Without evidence that the pope has an extensive interest in visual art, it’s likely that his preference for Chagall has something in common with others’ affinity for the works of Georges Rouault, Henri Matisse of the Vence Chapel and Maurice Denis, according to Elkins, author of “On the Strange Place of Religion in Contemporary Art” (Routledge, 2004). “They are among the rare exceptions to the general rule that modern and contemporary art are disengaged from the church,” he said.
“I know nothing of the pope’s taste, so I have no idea why he likes that painting,” said Matthew Baigell, who is professor emeritus of art history at Rutgers University and has published extensively on Jewish artists. Marc Michael Epstein, professor of religion at Vassar College, in Poughkeepsie, N.Y., sees things differently. The notion of a Jewish Jesus and its reference to Jews and other marginalized groups is very appealing post-Vatican II, he said.

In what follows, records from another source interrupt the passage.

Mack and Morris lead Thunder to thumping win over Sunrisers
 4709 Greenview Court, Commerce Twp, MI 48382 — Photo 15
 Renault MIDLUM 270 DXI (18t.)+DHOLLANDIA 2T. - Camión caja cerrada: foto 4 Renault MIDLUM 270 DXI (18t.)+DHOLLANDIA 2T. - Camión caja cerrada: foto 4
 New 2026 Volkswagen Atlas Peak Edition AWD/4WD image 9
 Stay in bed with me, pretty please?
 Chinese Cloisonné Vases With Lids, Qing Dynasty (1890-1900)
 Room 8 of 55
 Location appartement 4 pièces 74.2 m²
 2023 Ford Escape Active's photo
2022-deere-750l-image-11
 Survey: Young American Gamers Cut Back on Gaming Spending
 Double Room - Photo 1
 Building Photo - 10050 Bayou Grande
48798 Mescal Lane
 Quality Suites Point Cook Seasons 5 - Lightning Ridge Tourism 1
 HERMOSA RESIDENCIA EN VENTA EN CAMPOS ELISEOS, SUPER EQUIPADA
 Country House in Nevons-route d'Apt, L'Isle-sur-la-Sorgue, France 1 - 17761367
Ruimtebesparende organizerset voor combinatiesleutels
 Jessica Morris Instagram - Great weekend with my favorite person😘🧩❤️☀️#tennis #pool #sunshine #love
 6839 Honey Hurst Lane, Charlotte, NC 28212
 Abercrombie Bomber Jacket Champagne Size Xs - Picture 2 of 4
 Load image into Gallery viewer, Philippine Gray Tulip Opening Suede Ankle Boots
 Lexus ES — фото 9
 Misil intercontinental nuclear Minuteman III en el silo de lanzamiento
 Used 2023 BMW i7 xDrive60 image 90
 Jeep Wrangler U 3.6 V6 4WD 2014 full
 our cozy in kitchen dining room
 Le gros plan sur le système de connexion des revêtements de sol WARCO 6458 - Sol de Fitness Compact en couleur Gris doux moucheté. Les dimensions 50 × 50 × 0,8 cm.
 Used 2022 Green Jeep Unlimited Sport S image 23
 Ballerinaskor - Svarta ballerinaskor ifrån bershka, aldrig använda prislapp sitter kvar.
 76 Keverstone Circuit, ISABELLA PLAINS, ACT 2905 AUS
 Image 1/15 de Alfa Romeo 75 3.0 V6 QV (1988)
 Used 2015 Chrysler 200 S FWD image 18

The painting is more about Russian history, Epstein added, but the pope’s embrace of “White Crucifixion” may signal “an identification with the suffering Jewish Jesus, which is interesting.”
Chicago’s Loyola University Museum of Art is exhibiting some of Chagall’s work in “Graven Images: Marc Chagall’s Bible Illustrations” through June 16.
“The choice of a favorite painting is always personal,” said Jonathan Canning, senior curator at the Loyola museum. Canning declined to comment specifically on the pope’s aesthetic preferences.
Although he assumes that Chagall’s works with Christian imagery are responses to commissions, Canning says that Chagall was clearly introducing a new interpretation of the crucifixion. “He’s definitely challenging someone who’s used to a traditional, Western, Christian interpretation of the crucifixion,” he said.